I come to the enjoyment of literature from the consumption of the works, alone, and if I read enough of any given author's work, I form up a sort of judgement on that body of work, and make any connections to other authors with whom I'm familiar--past, present, future--as they relate to the author under consideration.
Occasionally I may read *about* an author (Hemingway) or may read some correspondence, although I do very little of this.
Occasionally I may read scholarly explorations--if any exist--but since I'm reading to please myself, I don't place much importance in such commentary.

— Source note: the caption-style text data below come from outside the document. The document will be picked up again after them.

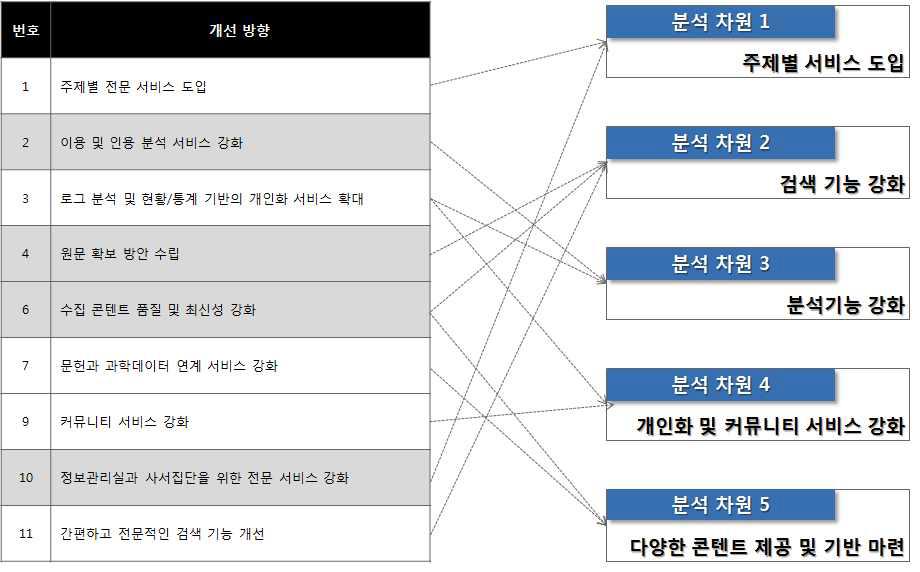 Positioning Perspectives for NDSL Service Improvement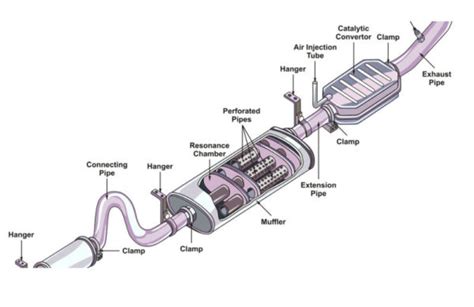 What you need to know about your Automotive Exhaust System - TOYTECHS ...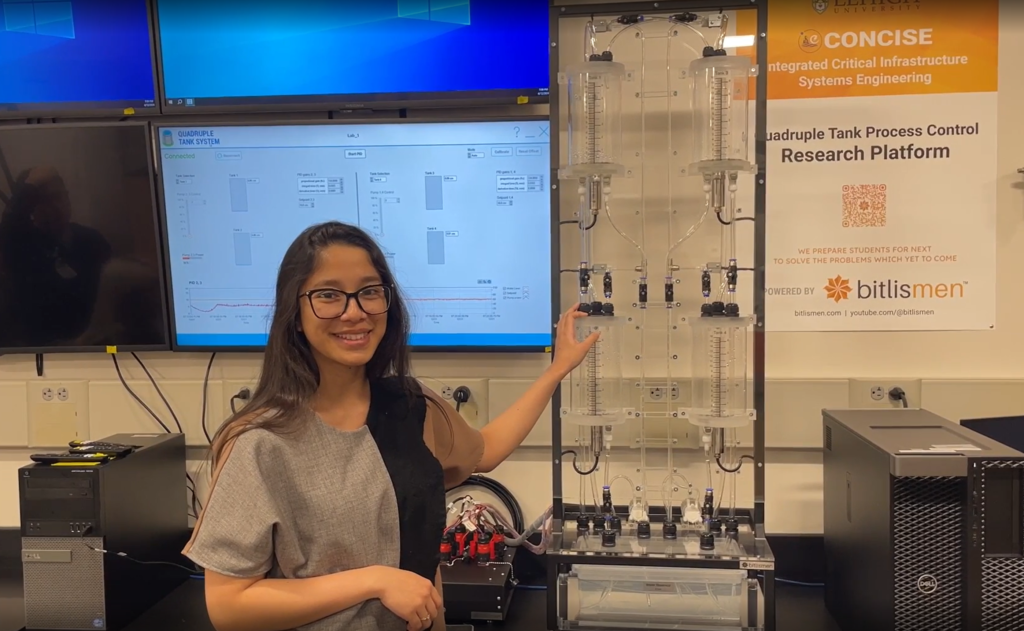 Lehigh University - Quadruple Tank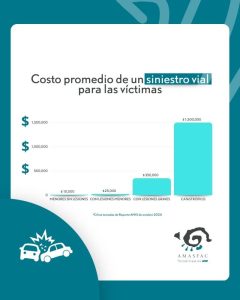 Costo siniestro vial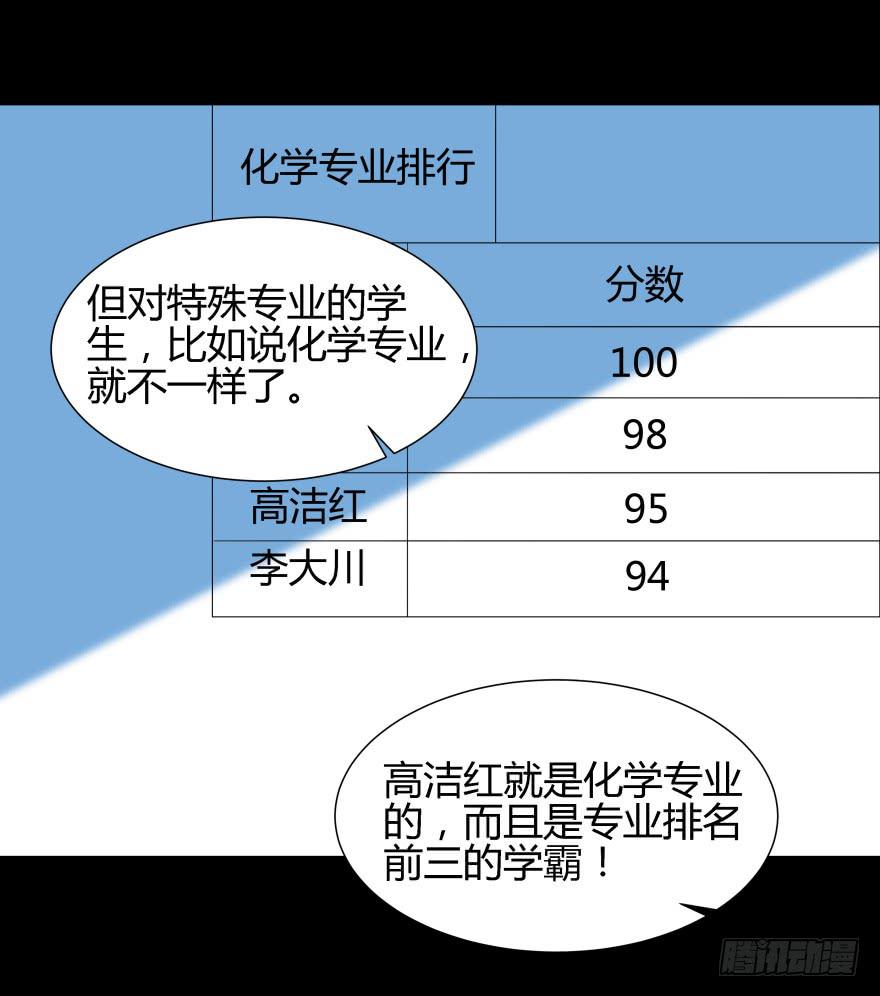 《萌妖当家》真凶是她！ 第31页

So my speculation about CAS's personal outlook, his life habits, his career trajectory are necessarily limited by the preceding explanation. I'd seen far too much of this as an English Lit undergrad.

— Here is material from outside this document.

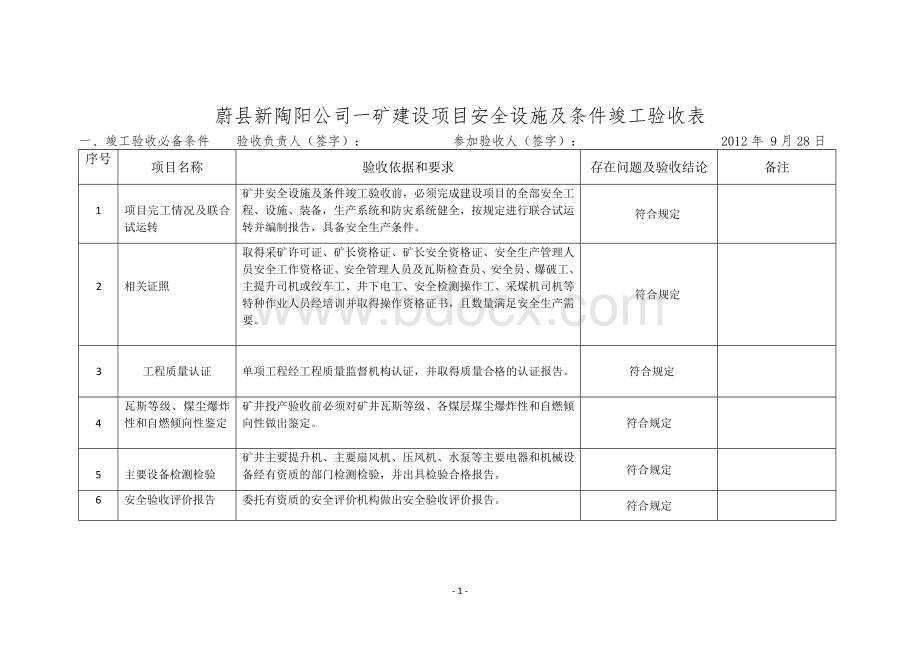 一矿煤矿建设项目安全设施及条件竣工验收表Word下载.doc_第2页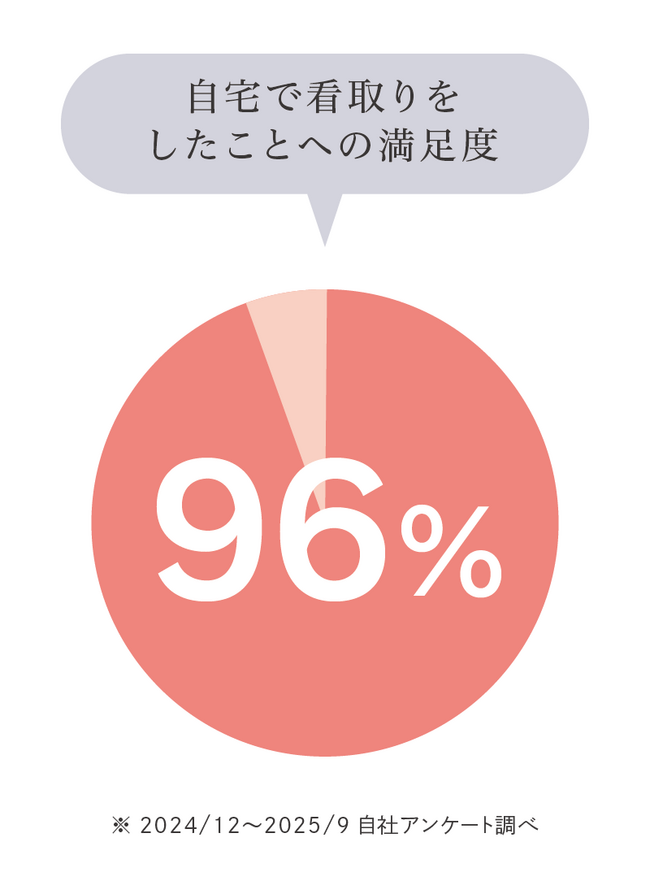 円グラフ02.png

With CAS, I read bits and pieces published that are about him, and have read a very few of his letters. For quite a while now I've felt that he had early success as an emerging young bohemian under the wing of Sterling in the early 20th C Pacific coast aesthetes' movement.
So he had a ready-made audience of appreciative and sophisticated readers of his poetry--since I get the impression that he thought of himself as a poet, first and foremost, and at that early stage, perhaps exclusively.

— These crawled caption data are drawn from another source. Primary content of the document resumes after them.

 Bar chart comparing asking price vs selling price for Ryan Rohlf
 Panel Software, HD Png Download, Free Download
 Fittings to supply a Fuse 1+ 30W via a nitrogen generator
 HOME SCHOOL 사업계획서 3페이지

For reasons of which I'm unaware, this seemed to dry up early on, and at that point, with Sterling dead, and with no new sponsor, and possibly the disintegration of the bohemian circle of which he was a part, CAS was on his own to make a living.
I suspect that this was not as he had supposed his career would evolve. It probably seemed to the young CAS a huge and unaccountable set-back--arbitrary and threatening.
From this point he was forced by necessity into more commercial writing, and he augmented this with manual labor. He got married later in life, perhaps to find a sort of workmate to share the task of a modest survival. And essentially he died in this state: a marginal struggler who had a body of serious poetry that was, like most poetry written in the 20th C, of no commercial importance, and a significant amount of commercial prose into which his considerable poetic vocabulary, and an instinctive narrative skill, leaked. This combination produced some outstanding pulp content that rewarded the readers of popular escapist fiction with unexpected quality.
I think he, as a person, adapted fairly well to this early on (he seemed to not have had any great life expectancies as he was growing up) and basically just plowed along, writing pulp stories for a very modest living. Like newswriting, the necessity of producing work on a regular basis meant that his commercial output was of varied quality. Speaking to that, I first discovered his work in about 1969/70, in the Ballentine Zothique volume, and my readings are mostly limited to that series. These were selected and arranged by Lin Carter, and I now realize that these stories are probably among his strongest, most artistically viable stories. I've intermittently broken outside this subset of his work, but for the most part have been disappointed. It was during these forays that I formed the opinion that a lot of his commercial work was a simply uninspired effort to get a paycheck. I do not see this in Lovecraft's body of work nearly as much: there is no real variation in quality, but there is vast variation in themes and motifs that he explores, and this accounts for the varied appeal of some of his works.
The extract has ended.